TO DO
Please tally the lines in the records that include the word "lehnt" and answer with the bare number.

#### RAW DATA ####

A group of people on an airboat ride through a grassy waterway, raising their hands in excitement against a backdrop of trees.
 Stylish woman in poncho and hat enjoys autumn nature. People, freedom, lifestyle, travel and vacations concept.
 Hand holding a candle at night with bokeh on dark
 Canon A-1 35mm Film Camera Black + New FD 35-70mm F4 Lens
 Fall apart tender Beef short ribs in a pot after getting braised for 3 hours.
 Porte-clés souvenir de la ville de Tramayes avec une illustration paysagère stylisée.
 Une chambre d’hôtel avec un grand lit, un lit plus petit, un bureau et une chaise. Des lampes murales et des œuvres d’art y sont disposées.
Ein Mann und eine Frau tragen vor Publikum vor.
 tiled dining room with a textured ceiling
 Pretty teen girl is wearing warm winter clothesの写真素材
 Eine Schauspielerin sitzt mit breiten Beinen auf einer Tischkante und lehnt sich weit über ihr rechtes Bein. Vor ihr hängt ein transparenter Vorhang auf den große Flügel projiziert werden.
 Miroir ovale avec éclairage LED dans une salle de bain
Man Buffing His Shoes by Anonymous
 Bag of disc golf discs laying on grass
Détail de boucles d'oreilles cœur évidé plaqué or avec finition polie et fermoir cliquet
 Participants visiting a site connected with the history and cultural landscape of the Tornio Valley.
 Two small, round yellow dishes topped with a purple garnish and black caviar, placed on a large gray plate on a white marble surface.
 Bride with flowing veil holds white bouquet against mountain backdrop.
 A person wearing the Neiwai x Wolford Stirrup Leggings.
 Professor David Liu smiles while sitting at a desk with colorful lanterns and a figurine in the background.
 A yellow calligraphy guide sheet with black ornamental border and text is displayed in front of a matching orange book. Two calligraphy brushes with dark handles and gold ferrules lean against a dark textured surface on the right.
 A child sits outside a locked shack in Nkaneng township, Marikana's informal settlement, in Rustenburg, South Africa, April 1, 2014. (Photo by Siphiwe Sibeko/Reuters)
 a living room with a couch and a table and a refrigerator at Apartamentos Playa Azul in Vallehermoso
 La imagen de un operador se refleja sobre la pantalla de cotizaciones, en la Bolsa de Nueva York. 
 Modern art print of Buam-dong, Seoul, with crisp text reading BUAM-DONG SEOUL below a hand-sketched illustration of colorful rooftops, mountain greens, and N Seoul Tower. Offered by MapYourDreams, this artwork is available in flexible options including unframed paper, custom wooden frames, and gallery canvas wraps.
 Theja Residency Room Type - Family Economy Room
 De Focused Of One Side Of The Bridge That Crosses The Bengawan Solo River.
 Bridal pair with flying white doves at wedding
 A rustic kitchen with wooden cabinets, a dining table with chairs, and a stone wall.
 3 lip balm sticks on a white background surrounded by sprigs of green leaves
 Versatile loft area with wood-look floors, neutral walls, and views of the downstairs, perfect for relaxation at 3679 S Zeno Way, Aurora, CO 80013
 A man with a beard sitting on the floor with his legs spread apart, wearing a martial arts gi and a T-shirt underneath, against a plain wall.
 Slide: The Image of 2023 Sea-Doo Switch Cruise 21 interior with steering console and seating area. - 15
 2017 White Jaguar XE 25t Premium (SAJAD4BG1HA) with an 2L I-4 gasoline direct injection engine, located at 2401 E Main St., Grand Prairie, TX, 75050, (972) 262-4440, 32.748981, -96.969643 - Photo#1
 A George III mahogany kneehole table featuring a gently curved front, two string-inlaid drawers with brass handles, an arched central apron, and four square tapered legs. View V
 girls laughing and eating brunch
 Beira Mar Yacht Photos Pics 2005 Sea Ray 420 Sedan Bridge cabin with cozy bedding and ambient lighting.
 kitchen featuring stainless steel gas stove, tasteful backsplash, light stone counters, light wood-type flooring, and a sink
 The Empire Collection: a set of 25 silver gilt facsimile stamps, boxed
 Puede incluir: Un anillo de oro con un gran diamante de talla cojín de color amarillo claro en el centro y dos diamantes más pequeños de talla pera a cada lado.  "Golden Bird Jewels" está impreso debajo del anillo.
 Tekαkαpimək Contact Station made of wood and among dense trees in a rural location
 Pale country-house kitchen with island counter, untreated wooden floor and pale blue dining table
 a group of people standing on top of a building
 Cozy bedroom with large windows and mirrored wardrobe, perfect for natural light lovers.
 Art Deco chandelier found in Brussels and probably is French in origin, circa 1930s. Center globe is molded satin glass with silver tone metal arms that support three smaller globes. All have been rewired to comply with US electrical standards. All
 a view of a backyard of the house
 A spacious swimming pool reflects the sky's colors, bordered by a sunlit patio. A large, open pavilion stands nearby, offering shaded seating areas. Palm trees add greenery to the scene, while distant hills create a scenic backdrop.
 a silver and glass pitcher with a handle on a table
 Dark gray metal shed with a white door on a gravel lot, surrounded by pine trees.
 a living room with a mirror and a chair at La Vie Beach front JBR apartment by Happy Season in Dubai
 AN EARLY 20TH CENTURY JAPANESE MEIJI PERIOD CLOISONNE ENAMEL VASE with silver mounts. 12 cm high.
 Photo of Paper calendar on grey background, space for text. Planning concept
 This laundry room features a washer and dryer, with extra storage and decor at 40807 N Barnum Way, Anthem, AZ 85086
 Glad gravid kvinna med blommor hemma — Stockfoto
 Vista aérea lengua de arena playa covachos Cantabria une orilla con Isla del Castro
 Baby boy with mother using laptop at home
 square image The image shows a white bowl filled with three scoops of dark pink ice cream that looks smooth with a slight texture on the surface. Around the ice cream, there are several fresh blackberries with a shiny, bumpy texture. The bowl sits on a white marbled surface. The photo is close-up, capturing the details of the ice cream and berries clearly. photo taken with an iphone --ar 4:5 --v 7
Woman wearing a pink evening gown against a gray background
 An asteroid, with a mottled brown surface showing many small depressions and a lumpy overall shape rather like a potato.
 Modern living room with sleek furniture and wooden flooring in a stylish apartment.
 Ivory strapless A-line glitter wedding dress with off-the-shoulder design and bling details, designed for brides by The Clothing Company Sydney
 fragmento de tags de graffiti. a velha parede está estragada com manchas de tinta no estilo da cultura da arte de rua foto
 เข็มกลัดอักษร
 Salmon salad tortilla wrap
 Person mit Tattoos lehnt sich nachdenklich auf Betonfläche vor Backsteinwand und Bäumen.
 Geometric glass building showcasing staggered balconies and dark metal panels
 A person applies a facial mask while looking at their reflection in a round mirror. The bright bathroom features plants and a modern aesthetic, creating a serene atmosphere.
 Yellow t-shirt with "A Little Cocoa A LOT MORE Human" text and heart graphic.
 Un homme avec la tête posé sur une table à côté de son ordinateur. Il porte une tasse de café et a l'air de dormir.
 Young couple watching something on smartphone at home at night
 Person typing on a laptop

####

EXERCISE RESULT
2